Where the string "Building" occurs in a line of the entries below, copy that line.

■ ■ ■ ■ ■

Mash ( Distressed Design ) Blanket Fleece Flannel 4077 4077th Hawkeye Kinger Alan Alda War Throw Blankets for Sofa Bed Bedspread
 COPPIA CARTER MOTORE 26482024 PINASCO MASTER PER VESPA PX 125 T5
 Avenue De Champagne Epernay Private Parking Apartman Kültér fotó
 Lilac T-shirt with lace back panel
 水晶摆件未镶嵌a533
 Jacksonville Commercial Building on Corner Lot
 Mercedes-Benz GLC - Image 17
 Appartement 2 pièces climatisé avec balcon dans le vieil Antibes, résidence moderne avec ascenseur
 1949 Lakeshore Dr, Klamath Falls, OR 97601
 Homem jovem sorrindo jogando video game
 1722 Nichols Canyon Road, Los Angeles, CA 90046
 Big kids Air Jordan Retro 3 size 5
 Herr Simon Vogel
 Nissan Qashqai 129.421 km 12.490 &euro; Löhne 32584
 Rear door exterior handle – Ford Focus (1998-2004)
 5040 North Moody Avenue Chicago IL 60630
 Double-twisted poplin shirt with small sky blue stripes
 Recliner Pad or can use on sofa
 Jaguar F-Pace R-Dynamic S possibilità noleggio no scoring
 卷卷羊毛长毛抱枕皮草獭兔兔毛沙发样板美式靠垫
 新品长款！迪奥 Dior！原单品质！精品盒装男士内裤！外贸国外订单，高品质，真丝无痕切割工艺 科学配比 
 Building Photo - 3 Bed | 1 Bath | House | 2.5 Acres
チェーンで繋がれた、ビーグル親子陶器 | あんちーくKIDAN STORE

■ ■ ■ ■ ■

The answer —
 Jacksonville Commercial Building on Corner Lot
 Building Photo - 3 Bed | 1 Bath | House | 2.5 Acres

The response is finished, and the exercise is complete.